(Dataset entries)
:::

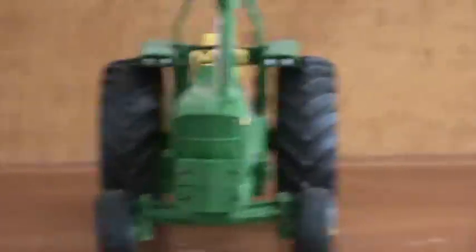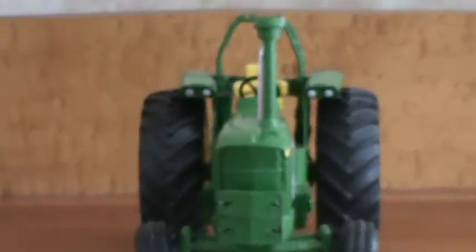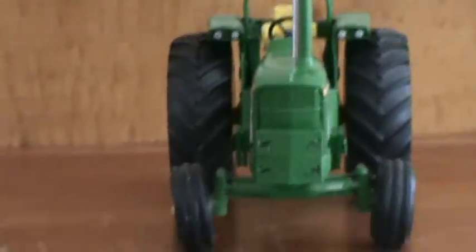And that's it, except for widening it a bit. There you go. And that's it for that pulling tractor. Okay, that's all for this video from Matt Texter.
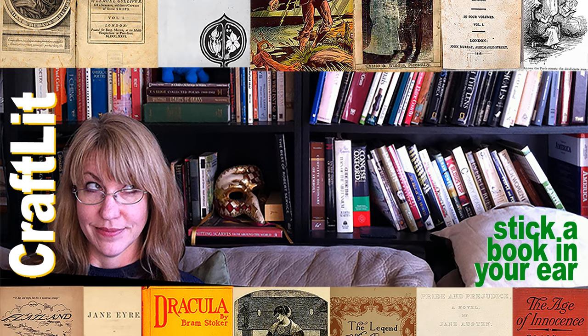Welcome to CraftLit, the podcast for crafters who love books. My name is Heather Ordover, and I'm podcasting from where the Delaware River meets the Old York Road, New Hope, Pennsylvania. Episode 601: Hot Pockets.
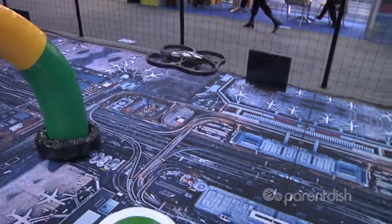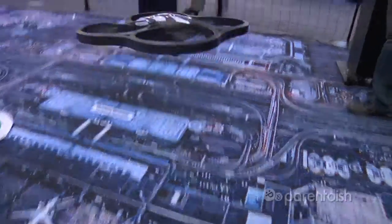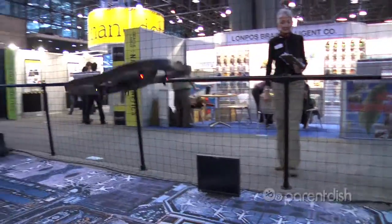It's called the AR Drone and it's a quadricopter that you fly with your iPhone. Today we're using an Xbox controller because of the Wi-Fi in the room — there's a couple hundred people that have iPhones and they're all on the same channel, so it goes crazy.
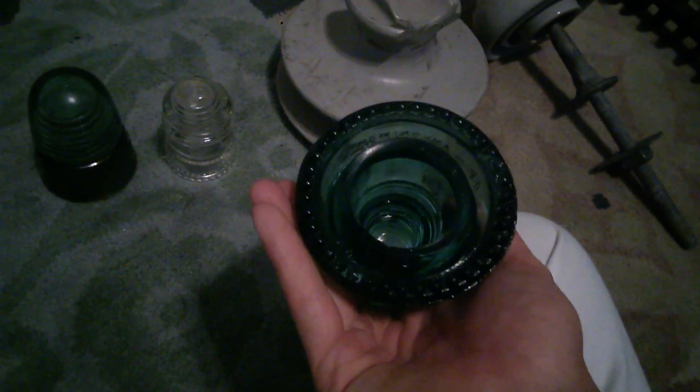Here's another Hemingray one — Hemingray, made in the USA. Here's an upgrade to it. This here is a plastic insulator. As you can see, this little baby one is cute.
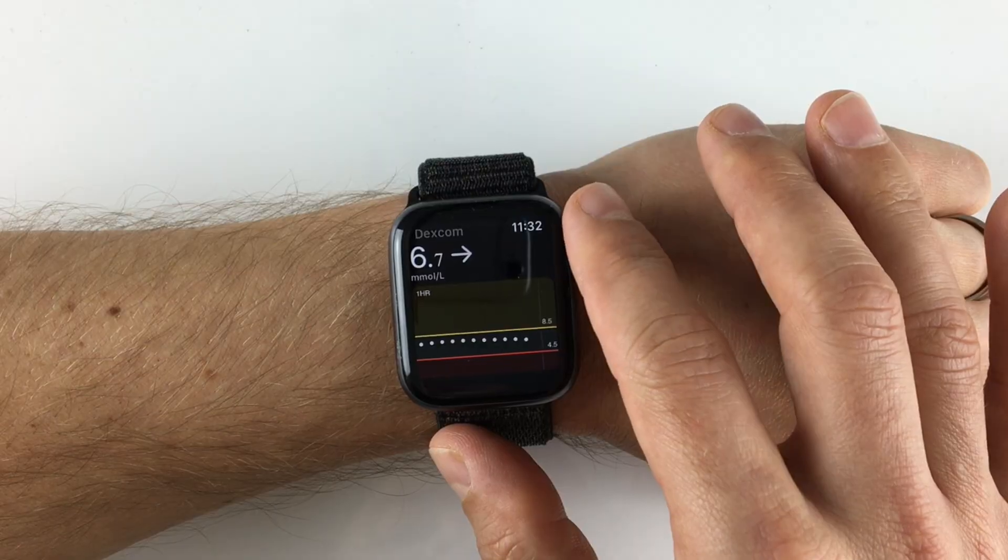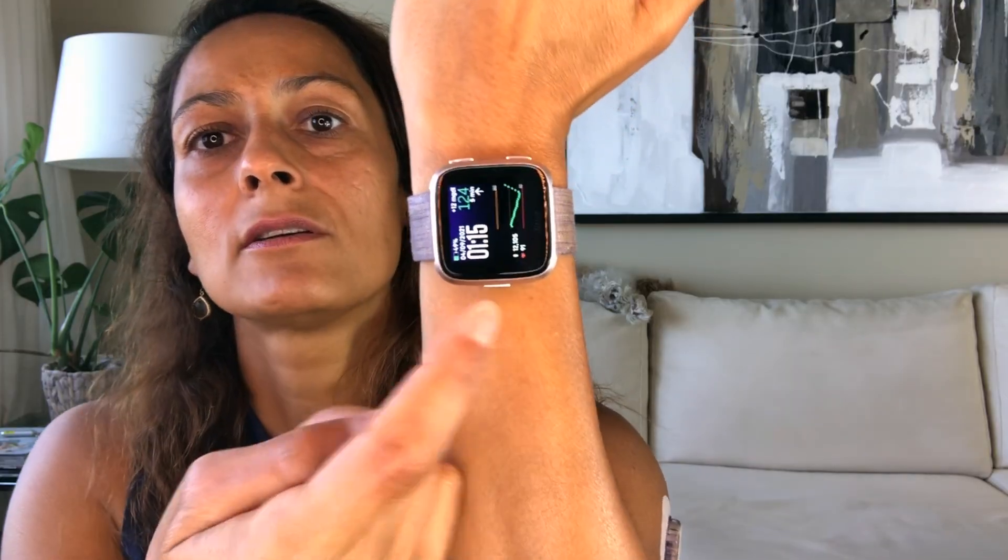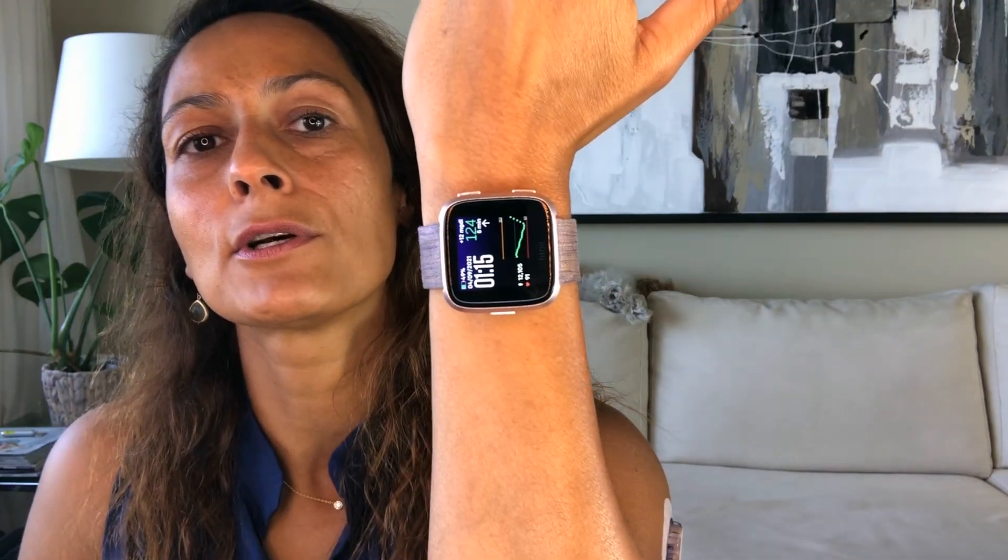That is so cool — I'm going to set this up right after we film this video. If you have an Apple Watch you can also see your reading on that. I don't have one, but I do have a Fitbit Versa. I downloaded a clock face called Glance and that allows me to see my glucose readings directly on my watch. It's not an official Dexcom app but it works.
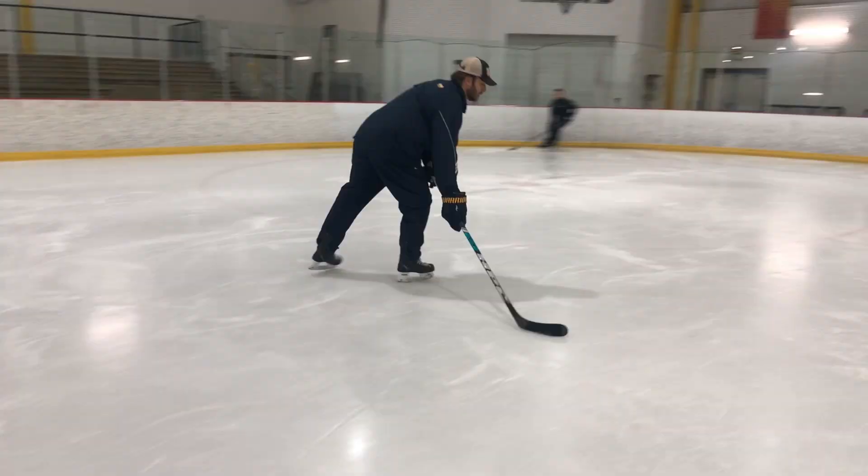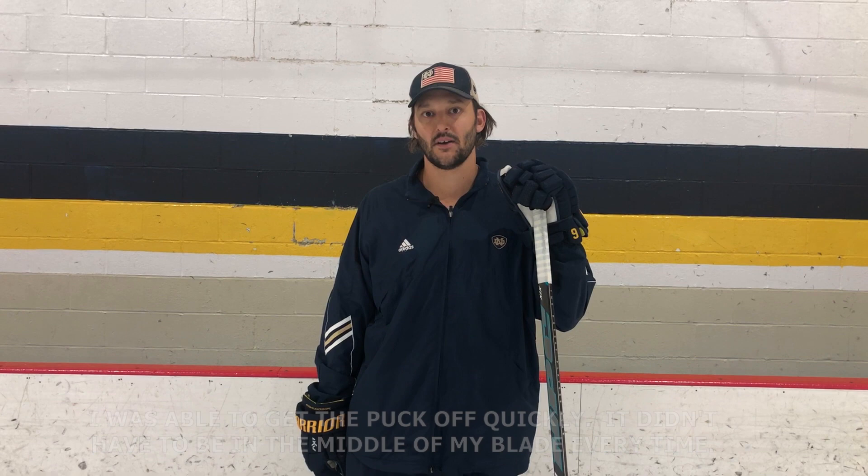I was able to get the puck off real quickly. It didn't have to be in the middle of my blade every time. I had a couple of shots off the toe and I still felt like I was getting some good strength behind it, and it was going where I wanted it to go.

:::

All the records need to be printed again exactly as written, though without their pictures.

And that's it, except for widening it a bit. There you go. And that's it for that pulling tractor. Okay, that's all for this video from Matt Texter.
Welcome to CraftLit, the podcast for crafters who love books. My name is Heather Ordover, and I'm podcasting from where the Delaware River meets the Old York Road, New Hope, Pennsylvania. Episode 601: Hot Pockets.
It's called the AR Drone and it's a quadricopter that you fly with your iPhone. Today we're using an Xbox controller because of the Wi-Fi in the room — there's a couple hundred people that have iPhones and they're all on the same channel, so it goes crazy.
Here's another Hemingray one — Hemingray, made in the USA. Here's an upgrade to it. This here is a plastic insulator. As you can see, this little baby one is cute.
That is so cool — I'm going to set this up right after we film this video. If you have an Apple Watch you can also see your reading on that. I don't have one, but I do have a Fitbit Versa. I downloaded a clock face called Glance and that allows me to see my glucose readings directly on my watch. It's not an official Dexcom app but it works.
I was able to get the puck off real quickly. It didn't have to be in the middle of my blade every time. I had a couple of shots off the toe and I still felt like I was getting some good strength behind it, and it was going where I wanted it to go.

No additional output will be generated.